▶ [TASK PROMPT]: Only the lines from the one holding "Nature Valley Sweet" through the end of the material are to be repeated, exactly and without pictures.

Top of DATASET CONTENT

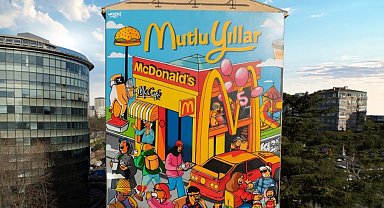 McDonald's Türkiye'den 'Yan Yanayız' temalı grafiti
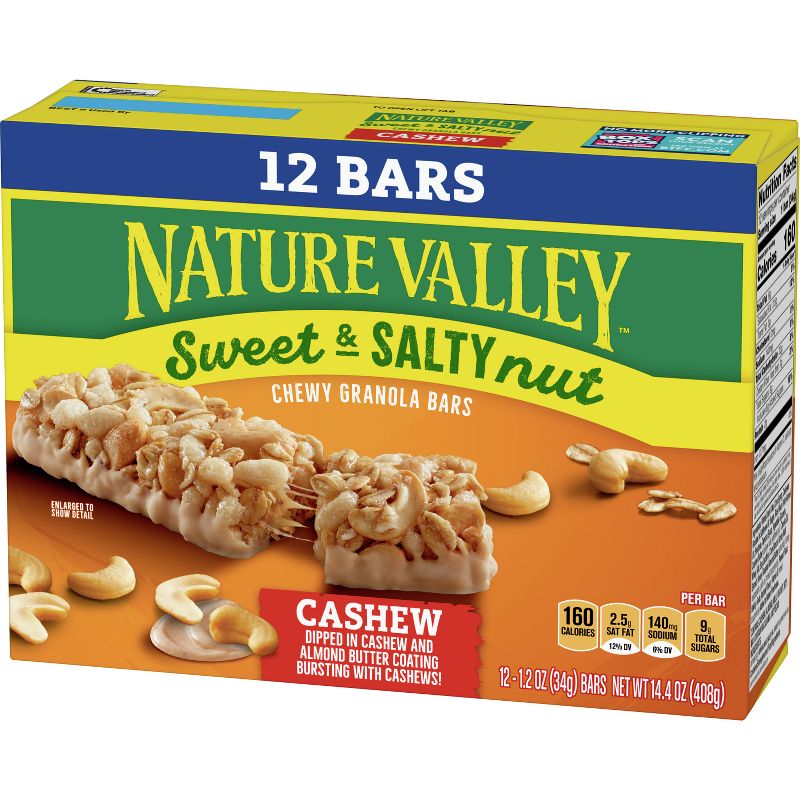 Nature Valley Sweet and Salty Cashew Value pack - 12ct, 4 of 12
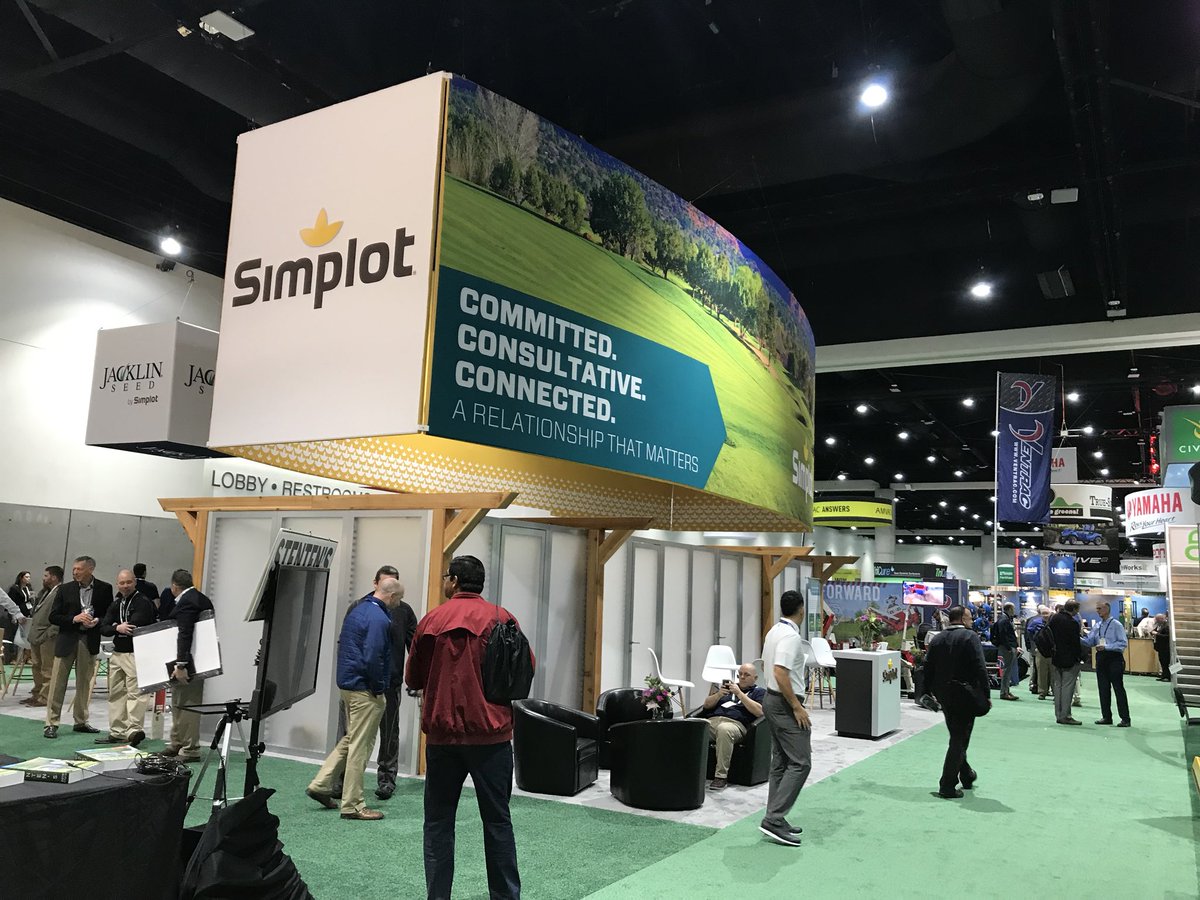TurfgrassMD's tweet image. Thanks to everyone that stopped by our booth at GIS to visit.  Great to see so many friends.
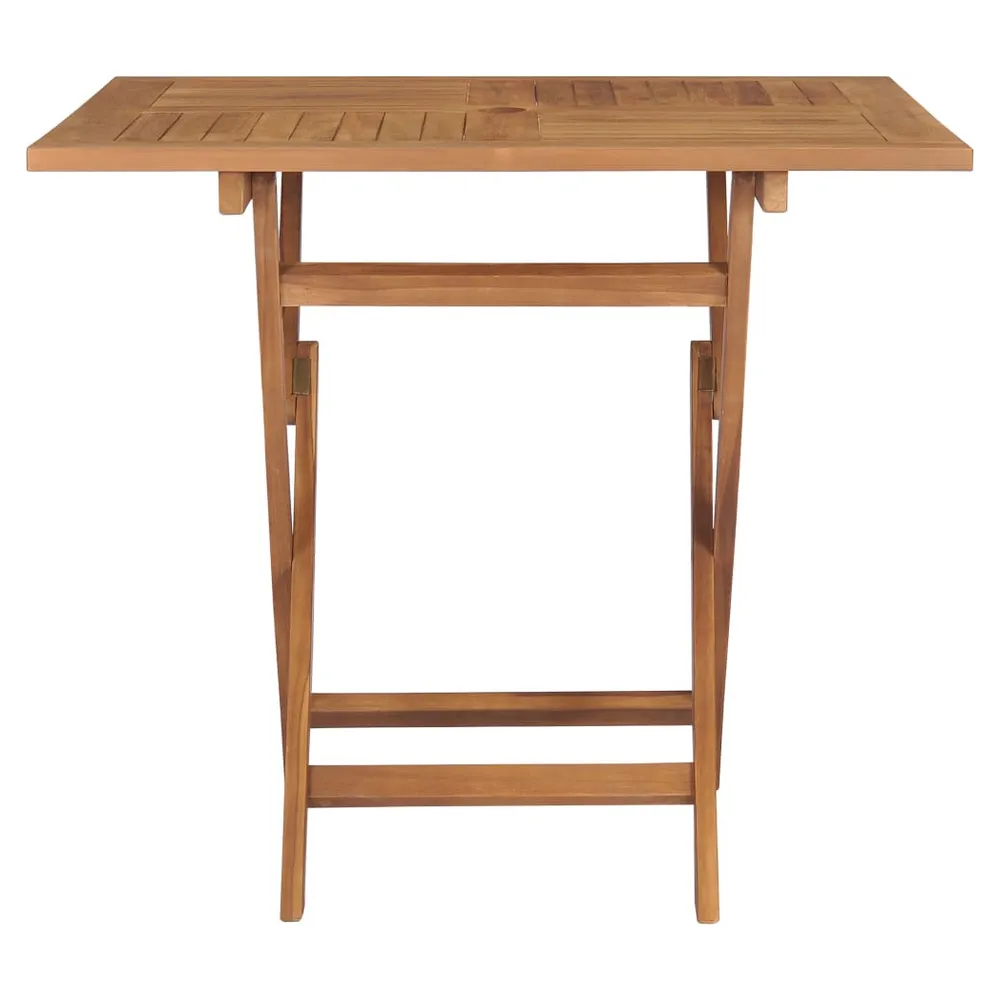 Folding Garden Table 85x85x76 cm Solid Teak Wood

Bottom of DATASET CONTENT

▶ [RESPONSE TO THE TASK]:
 Nature Valley Sweet and Salty Cashew Value pack - 12ct, 4 of 12
TurfgrassMD's tweet image. Thanks to everyone that stopped by our booth at GIS to visit.  Great to see so many friends.
 Folding Garden Table 85x85x76 cm Solid Teak Wood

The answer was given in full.